A dívida das quatro usinas com emissão de bonds – atualmente na casa dos R$ 7 bilhões, considerando o câmbio de R$ 3,90 – é só a ponta de um iceberg que cresceu nos últimos anos. Juntas, elas representam menos de 10% da dívida total do segmento, estimada em R$ 85 bilhões pela consultoria Agroconsult.
Conforme especialistas, o default das emissoras de bonds era uma "morte anunciada". Uma parte dos grupos que emitiram dívida externa, relatam fontes do setor, o fez após já ter estourado seus limites de crédito em bancos. Com o dinheiro captado, "trocaram" a dívida bancária por débitos com bonds em dólar. A guinada da moeda americana do patamar de R$ 2 para os atuais cerca de R$ 4, tornou insustentável o que já era uma dívida elevada.
"Não existe uma experiência anterior que nos permita prever quando esses créditos serão pagos", diz o analista de açúcar e etanol da agência Fitch, Cláudio Miori. O que se tem visto, constata, é que os processos de recuperação judicial têm sido muito longos, com prazo de até dez anos para serem resolvidos. "No Brasil, o número de empresas em recuperação que voltaram à normalidade é muito baixo".
Miori observa que, mesmo que as condições de mercado para açúcar e etanol tenham melhorado, essas empresas terão que ser mais eficientes para se recuperarem.

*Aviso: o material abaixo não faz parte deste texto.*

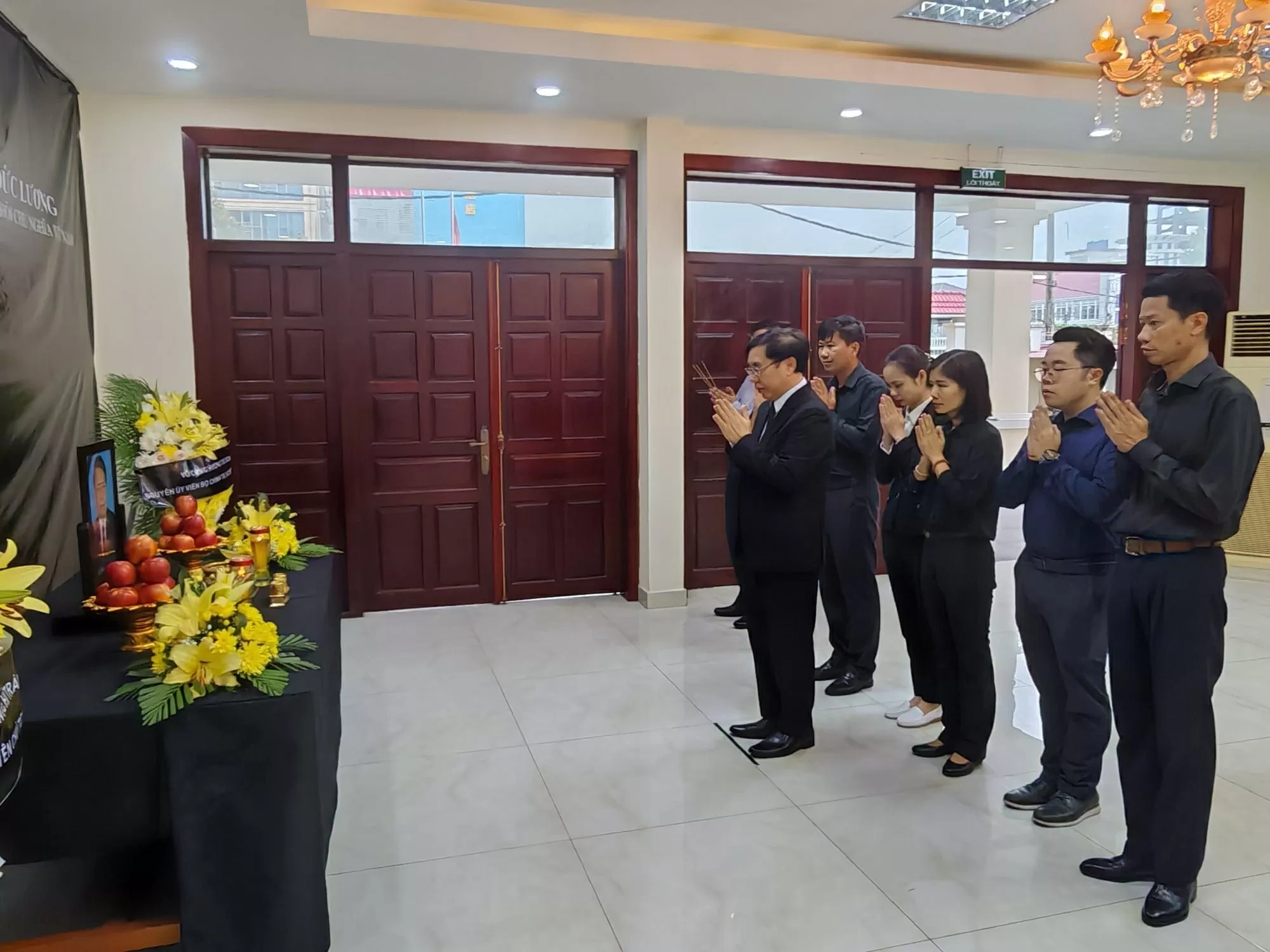 Tổng Lãnh sự quán Việt Nam tại Sihanoukville mở sổ tang viếng nguyên Chủ tịch nước Trần Đức Lương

.Após as turbulências que culminaram no calote bilionário a seus bondholders, as usinas que emitiram dívida em dólar tentam colocar a casa em ordem, agora com um cenário mais favorável nos mercados de açúcar e etanol. Em linhas gerais, a estratégia é recuperar eficiência operacional e, assim, o valor do ativo. O foco é vender as usinas para quitar o endividamento, ainda que com deságios astronômicos.

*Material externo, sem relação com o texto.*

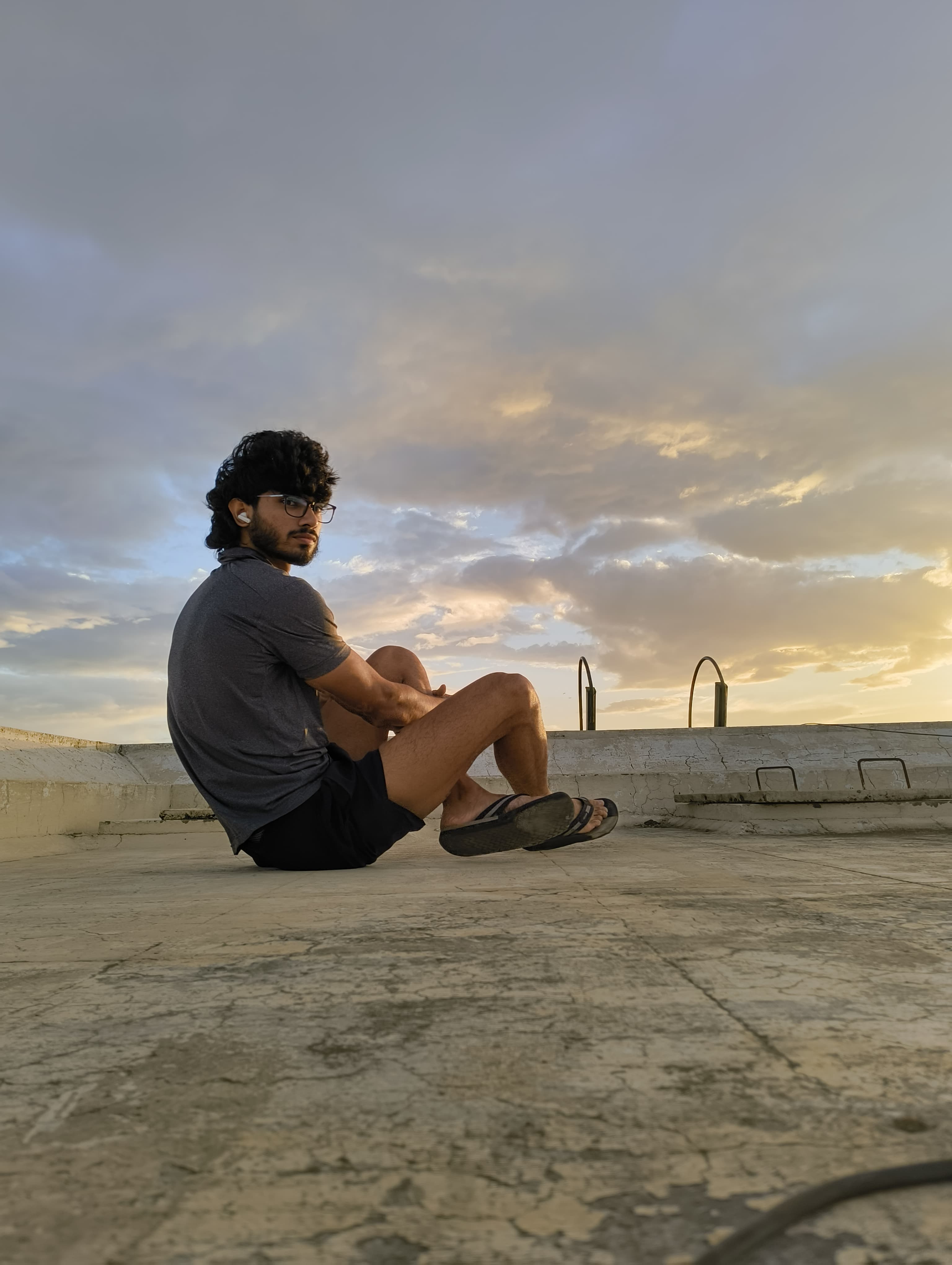 Thinker facet image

Mas ainda há um longo caminho a percorrer. O grupo Aralco, por exemplo, o primeiro dos emissores de bonds a pedir recuperação judicial, só deve aproximar sua moagem de cana de sua capacidade instalada em 2019/20. É quando o grupo espera processar 6,5 milhões de toneladas, ante uma capacidade industrial instalada para cerca de 7,5 milhões.
Na atual temporada (2015/16), que terminará em 31 de março, a Aralco processou 4,35 milhões de toneladas de cana, antecipando em duas safras a meta acordada com credores - que previa inicialmente 4,2 milhões de toneladas na temporada 2017/18.
A consultoria DSVC Consultoria e Gestão foi contratada pela Aralco para acelerar a retomada. Desde 2014, os custos anuais do grupo foram reduzidos em 17,5% - de R$ 560 milhões para R$ 462 milhões. A principal alavanca dos cortes foi a folha de pagamento, que encolheu de R$ 106 milhões por ano para R$ 60 milhões, efeito do enxugamento do quadro de pessoal de 4,1 mil para 1,7 mil pessoas. Cada uma das quatro usinas da Aralco, apesar de ficarem muito próximas uma das outras, tinha uma gestão totalmente independente.
Conforme o plano de recuperação judicial aprovado pelos credores, 60% da dívida da empresa será convertida em participação acionária. O prazo dessa conversão é de 15 anos. Se antes disso as usinas do grupo forem vendidas, os credores podem usar os recursos para recuperar seus créditos.
Maior emissor de bonds dos segmento, o Grupo Virgolino de Oliveira (GVO) deu sinais esta semana de que as perspectivas de solução para seu endividamento estão além do longo prazo. A empresa entregou na terça-feira uma proposta de pagamento aos bondholders que prevê a substituição dos atuais títulos por novos bonds com vencimento de dez a 15 anos mais longos que os atuais.
A empresa fez três emissões, que somam US$ 735 milhões, com vencimentos entre 2018 e 2022. E agora, com horizonte mais positivo para açúcar e etanol, tenta impulsionar sua moagem de cana. Neste ciclo 2015/16, a empresa processou 7,4 milhões de toneladas e se prepara para elevar esse volume para 9 milhões em 2016/17. No seu auge, o grupo chegou a moer 11 milhões de toneladas de cana.